▸ Action item
Please copy every record below exactly and leave out the pictures.

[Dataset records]
»»

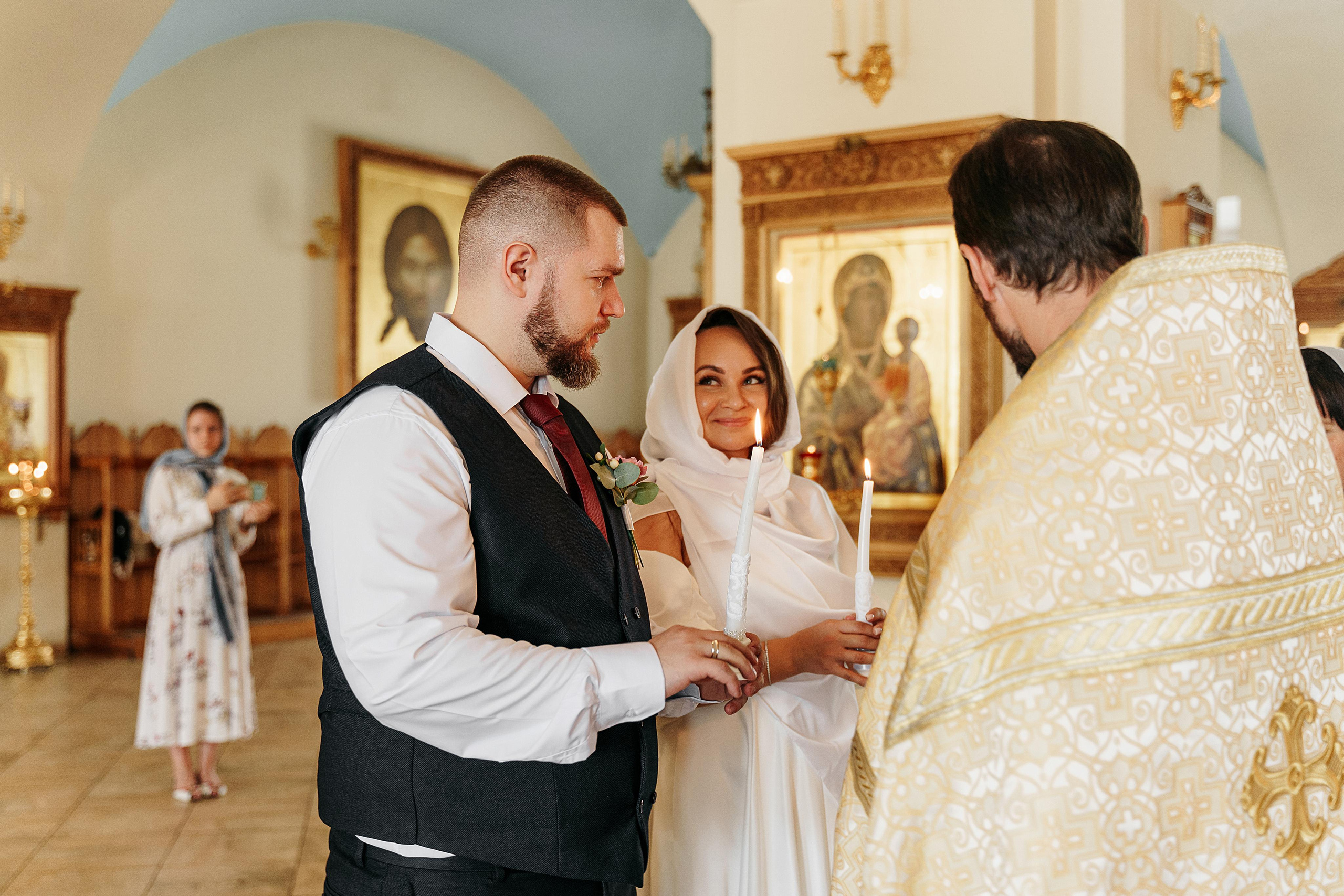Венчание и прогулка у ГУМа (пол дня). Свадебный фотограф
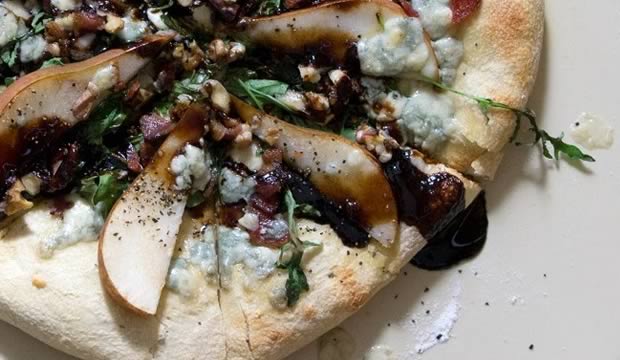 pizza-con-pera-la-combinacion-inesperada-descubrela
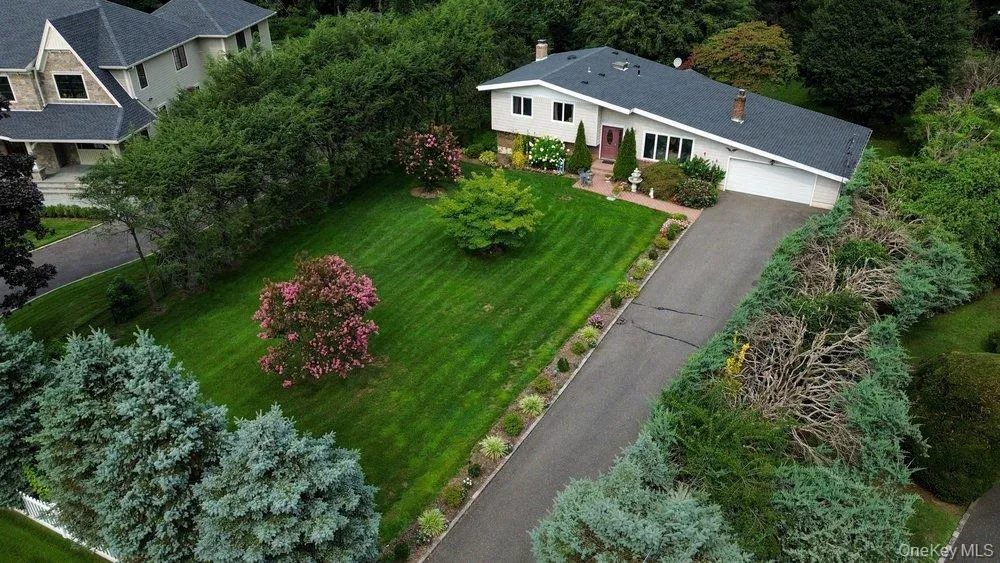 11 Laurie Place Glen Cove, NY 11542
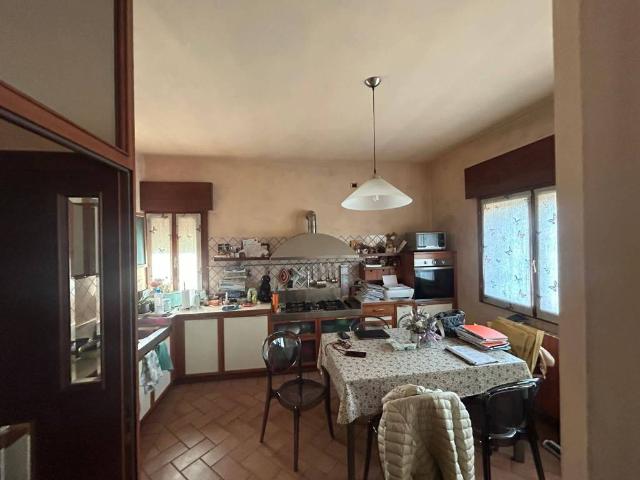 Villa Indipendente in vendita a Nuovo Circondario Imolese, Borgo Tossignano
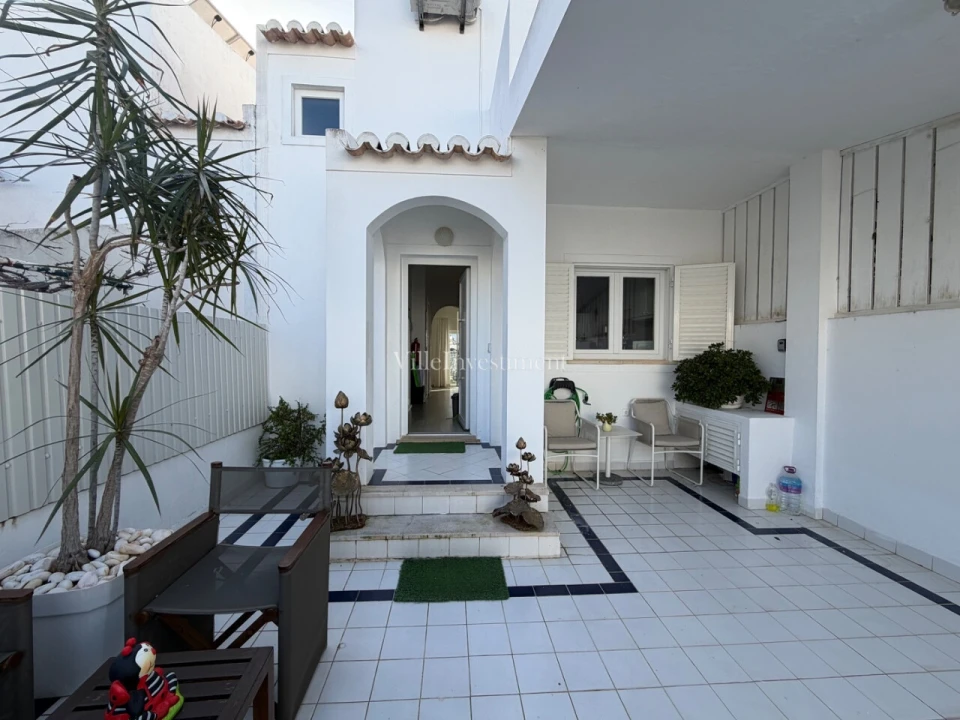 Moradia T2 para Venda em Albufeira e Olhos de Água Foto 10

««

▸ Solution for this problem
Венчание и прогулка у ГУМа (пол дня). Свадебный фотограф
 pizza-con-pera-la-combinacion-inesperada-descubrela
 11 Laurie Place Glen Cove, NY 11542
 Villa Indipendente in vendita a Nuovo Circondario Imolese, Borgo Tossignano
 Moradia T2 para Venda em Albufeira e Olhos de Água Foto 10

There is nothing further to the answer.